If cremation is your choice, then you'll need to make the next decision: whether the cremated remains will be placed in a mausoleum niche, or buried on the cemetery grounds.

In some communities, there's the option for a 'green burial.' If that's what your loved one would prefer, we'll help you select an environmentally-friendly choice.

selecting a casket

selecting a casket

If you choose a casket as your loved ones final resting place, there are a wide range of options for you to choose from. We encourage you to look at what options exist within your budget ahead of time so you can avoid some of the difficulties that come with making such significant purchase during an emotional time. We are here to help you and can ensure you'll have a variety of options to choose from that fall under all price ranges. 

CONSISTENT PLACE OF HEALING

CONSISTENT PLACE OF HEALING

In our modern society, people aren't given enough time to grieve their losses. The pressures of work, even the simple emotional need to ‘be busy,’ often bring the bereaved back into the ‘real’ world far too soon.

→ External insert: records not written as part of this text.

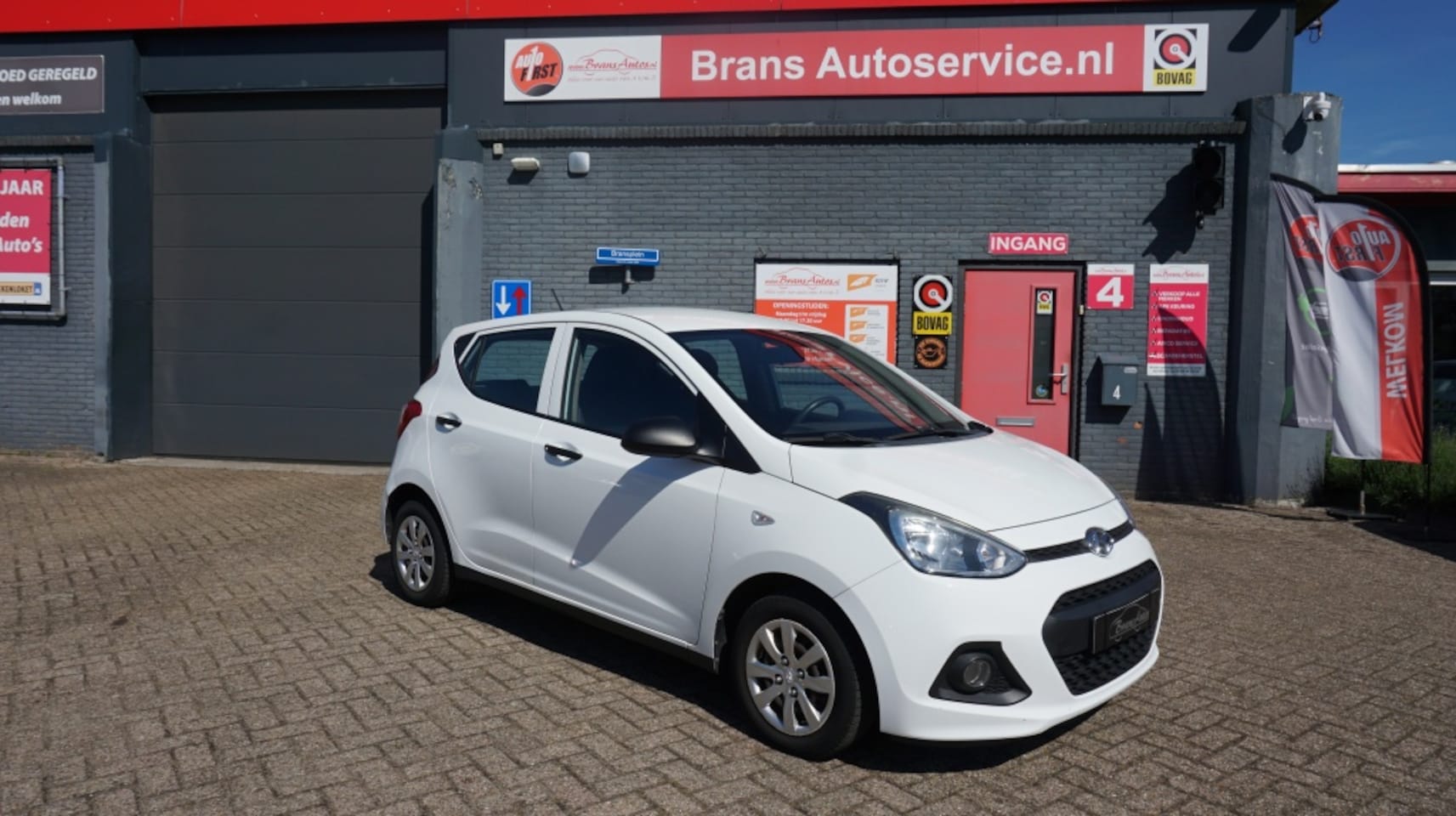 Hyundai i10 - 1.0i i-Motion 1.0i i-Motion - AutoWereld.nl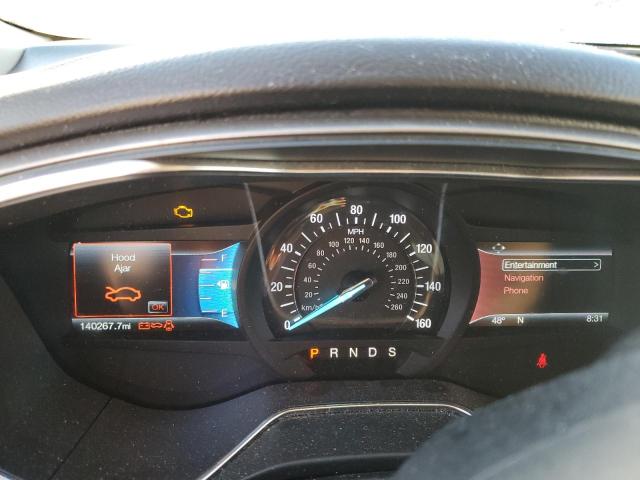 2018 FORD FUSION SE - 3FA6P0H95JR158513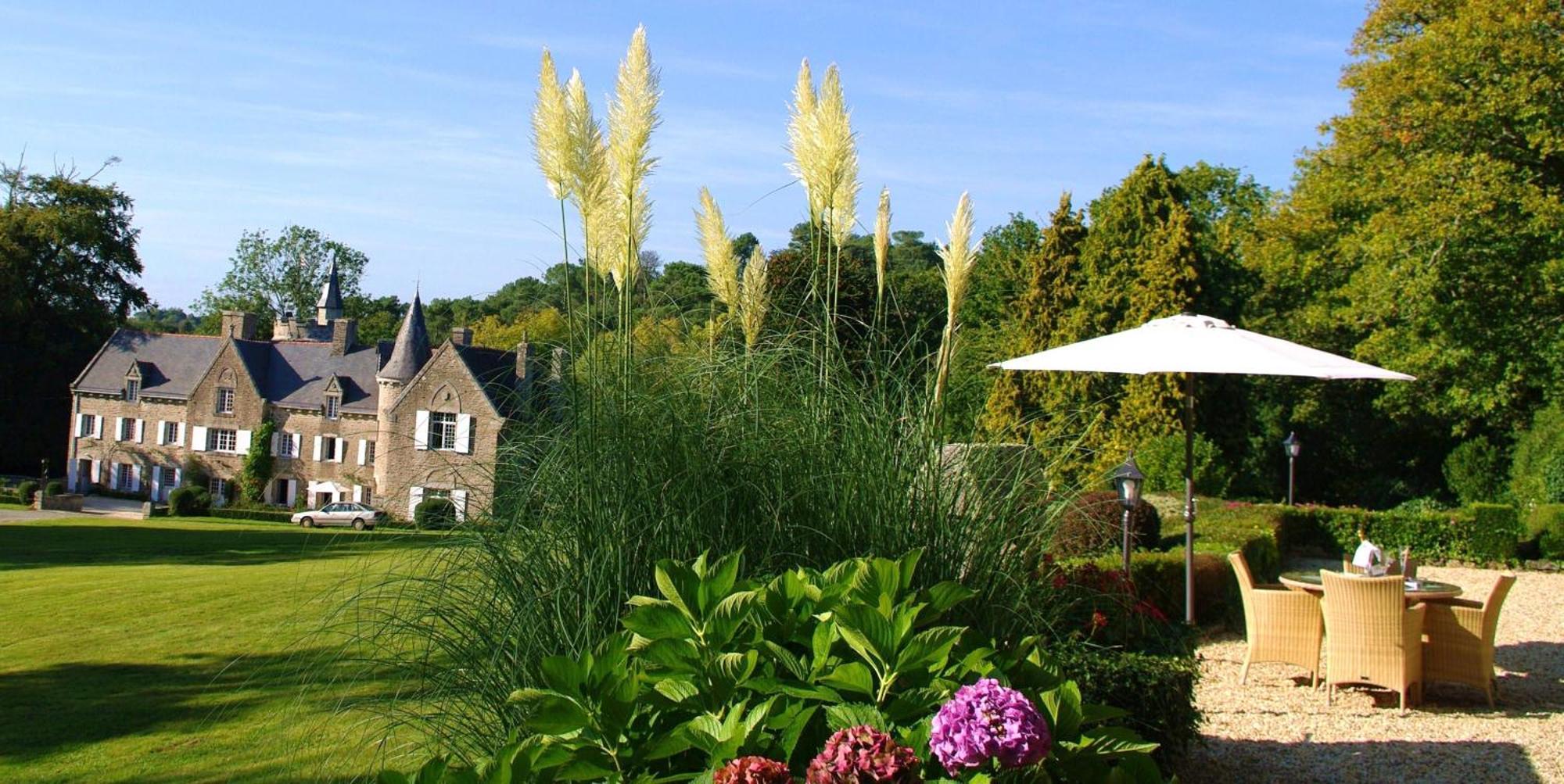 Отель Manoir De Kertalg Моэлан-сюр-Мер Экстерьер фото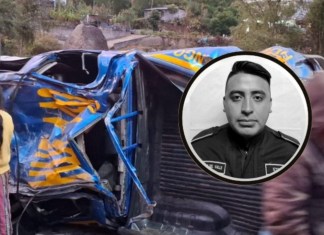 PNC: Suman cinco los agentes fallecidos y cinco los heridos en accidente de San Marcos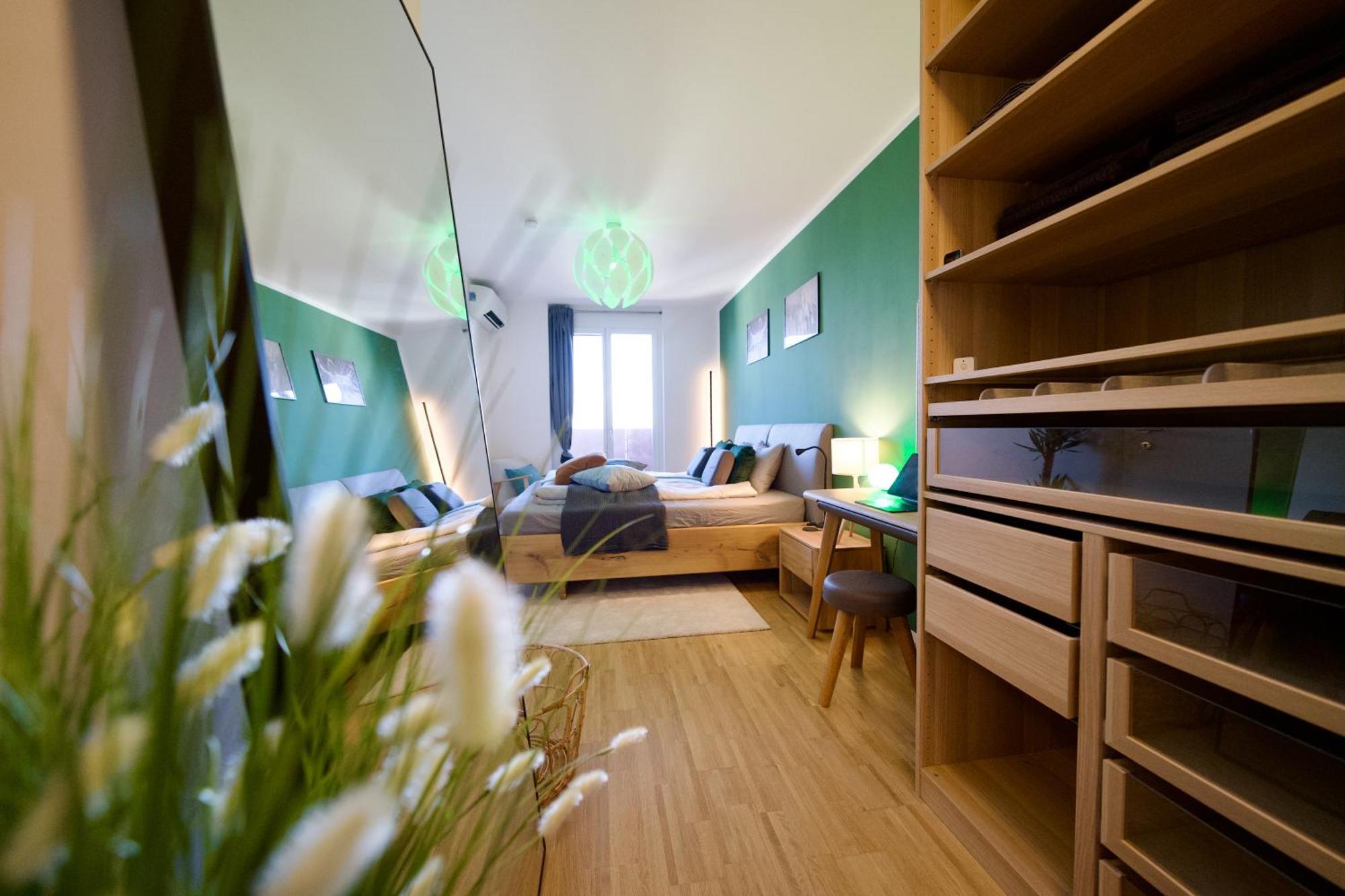 Edler Wohnraum Panoramablick 3 Sz Boxspringbetten, E-Ladestation, Kaffeevollautomat, Klima, Lift, Terrasse & 2Xtg Štýrský Hradec Exteriér fotografie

Also, many families are choosing to scatter the cremated remains of their loved one in a favorite place; the ocean, or even in the skies above. While that may seem fitting at the time, it means that you do not have a consistent place to connect with the memories of the person you loved so dearly.

Having such permanent place - in a cemetery, mausoleum, or cremation garden - that can be visited regularly by family and friends is an essential part of the time following a death. It becomes a focal point of memorialization, and gives everyone a special place to go to remember your loved one, or to commemorate important occasions. It can help to make a birthday or anniversary less painful.

A permanent place to reflect on your loved one becomes a way of connecting to a family's past. Visiting the resting place of grandparents or great-grandparents may provide children with an anchor to their personal history. It is a connection to the past, to love shared. It truly honors the relationship you still have – and will always have – with that person.

What's Next?

Now that we've given you the basics, it's time to reflect more on exactly what is appropriate for you and your family. If possible, gather everyone together to speak of their feelings and desires.